By Tom Collins
WOODSTOCK — A Western Ontario farmer who will become a certified crop advisor next month already has a list of 30 customers who want to hire him to scout for pests on their farms so they can continue to use neonicotinoid-treated corn and soybean seeds. He could be the province’s only crop advisor focusing on neonics, a pesticide coating on seeds.
The province’s phased-in neonic ban means farmers wanting to use neonics in Lambton, Middlesex and Wellington counties will need professional pest advisors to conduct the pest assessments before planting in 2018. Other counties will be phased in over the next two years. Until the ban was announced two years ago, more than 90 per cent of Ontario’s corn and more than 60 per cent of soybeans were grown from neonic-treated seeds.
While many crop advisors are encouraging corn growers to go with DuPont Pioneer’s Lumivia and Syngenta’s Fortenza to avoid the laborious neonic scouting, there are currently no non-neonic alternatives for growers using neonic-treated soybean seeds.
Dan Yeoman, of Woodstock, is starting his own professional pest advising business in Oxford County. Farmers there can do their own pest assessments this year as the farmers won’t need to use a certified crop advisor until Aug. 31, 2018. However, Yeoman said many farmers don’t want to spend their time doing their own assessments.

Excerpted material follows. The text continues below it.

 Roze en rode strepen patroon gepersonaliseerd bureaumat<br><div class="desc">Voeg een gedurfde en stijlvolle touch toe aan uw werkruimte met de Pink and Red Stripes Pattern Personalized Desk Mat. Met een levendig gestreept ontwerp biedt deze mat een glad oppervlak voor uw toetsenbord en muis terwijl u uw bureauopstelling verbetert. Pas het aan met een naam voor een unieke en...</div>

Yeoman, who plans to take up to 100 customers, will look after the digs, the traps and the paperwork and will go back three times to check to try and catch the pests in the trap if necessary.
“Farmers are concerned with the new products and the regulations,” he said. “We do know the products that we have with the neonicotinoids are going in the ground, they’re working, and they’re taking care of the insects before the crop emerges out of the ground.”